Hi all, I have limited knowledge when using OR features of SQL - especially concerning embedding objects as types. I just wondered if anyone could point out to me some of the potential drawbacks of using OR features, especially in regard to querying, schema evolution and defining data structures.
In my mind, there are three different classes of database engines for this question: engines that are object based, engines that use SQL without extensions to support objects, and engines that use SQL that have object oriented extensions.
In an object based system, such as Eifel, SmallTalk, or MUMPS the question is moot since all you've got are objects. These tools usually bolt "data storage" onto an object framework. I don't know of a truely object oriented database that performs well enough for production commercial use, but there were some really promising possibilities a few years ago that might still come to fruition.
SQL engines without significcant object extensions are the "workhorses" of the database world. I'd estimate that they do 95% of the database work in today's world. These engines are usually based on nearly pure relational algebra.
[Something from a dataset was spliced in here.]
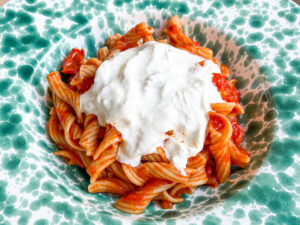 Pasta con il suo sugo alla ’nduja e stracciatella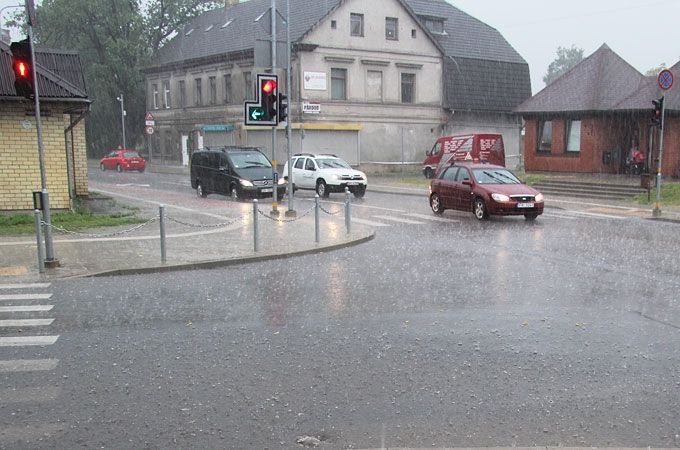 Padomi, kā sargāties no zibens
This makes them a poor fit for object oriented queries, since many of the key features of object orientation like inheritance and polymorphism are difficult to represent using relational algebra, and are practically impossible to implement using the syntax supported by most of these engines.
This leaves the field pretty much "wide open" for the SQL with object extensions group. These engines all do things slightly differently, and all suffer from trying to exist in two worlds at once that seem to be more or less incompatible. There is a lot of promise, but so far I haven't seen anything that does what I consider to be a good job of bridging the relational and object oriented worlds.